TASK STATEMENT ->
What you return should be the exact lines from the one with "GLOW-35 (NEP) GHK_CU 25mg" to the end of the records below, both included, and no pictures.

- Opening Delimiter -

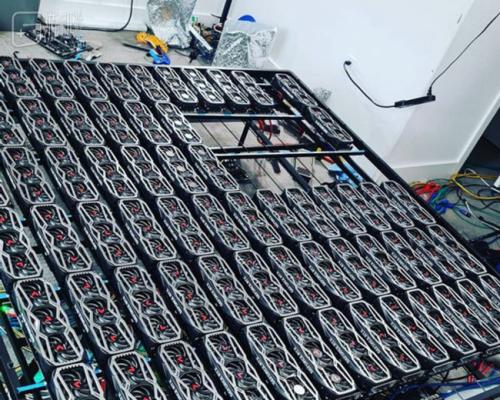 显卡黄牛模式是什么意思？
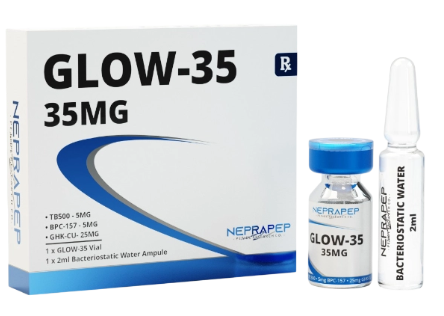 GLOW-35 (NEP) GHK_CU 25mg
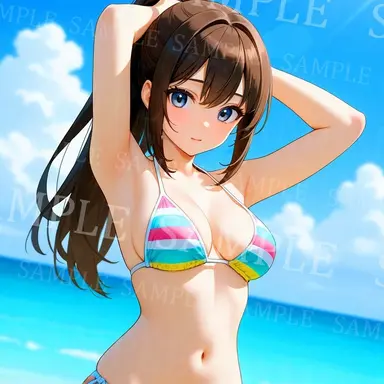 Profile image of 明日菜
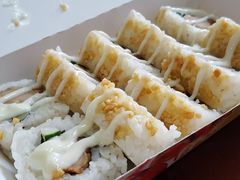 台湾炸鸡卷-N多寿司(恒隆店)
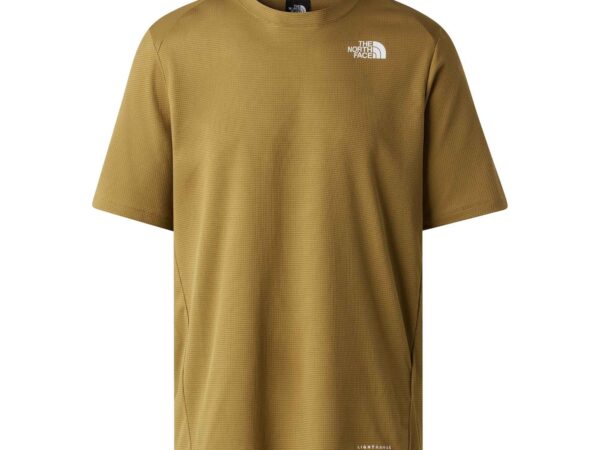 T-shirt Airlight Hike - Homme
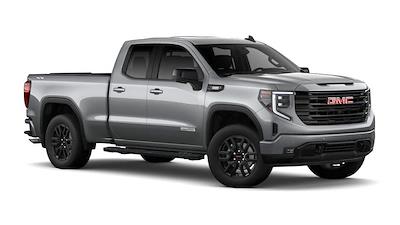 2025 GMC Sierra 1500 Double Cab 4x4 Pickup for sale #GS4536 - photo 1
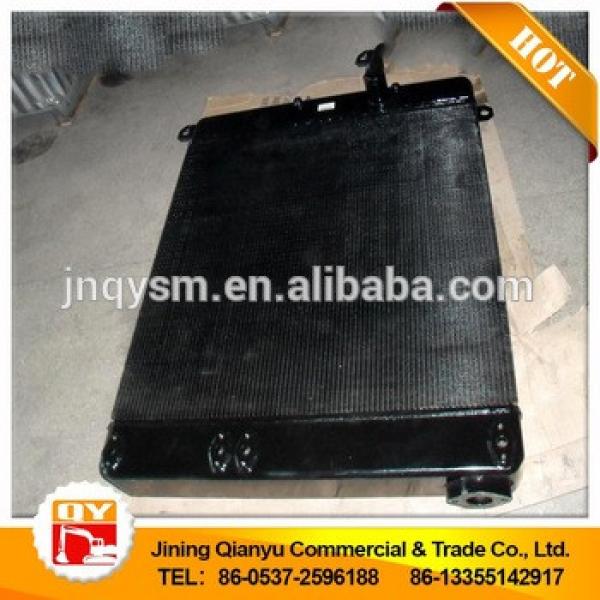 Factory Price Aluminium Oil Cooler for PC56-7 Hydraulic Excavator #1 image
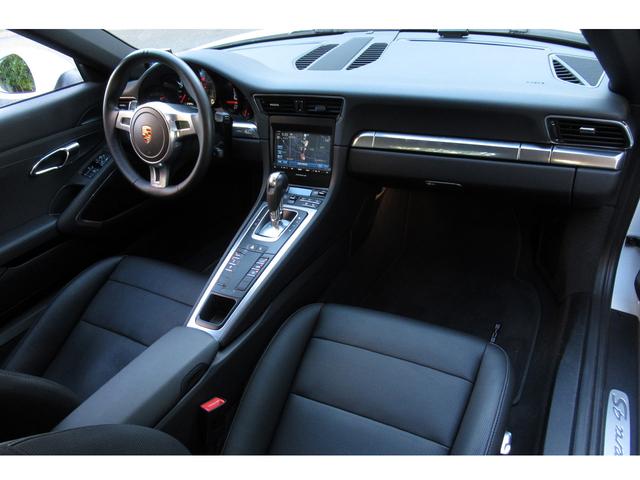 911カレラ4S BCフォージド21AW カーボンリップ(12枚目)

- Closing Delimiter -

TASK RESULT ->
 GLOW-35 (NEP) GHK_CU 25mg
 Profile image of 明日菜
 台湾炸鸡卷-N多寿司(恒隆店)
 T-shirt Airlight Hike - Homme
 2025 GMC Sierra 1500 Double Cab 4x4 Pickup for sale #GS4536 - photo 1
 Factory Price Aluminium Oil Cooler for PC56-7 Hydraulic Excavator #1 image
 911カレラ4S BCフォージド21AW カーボンリップ(12枚目)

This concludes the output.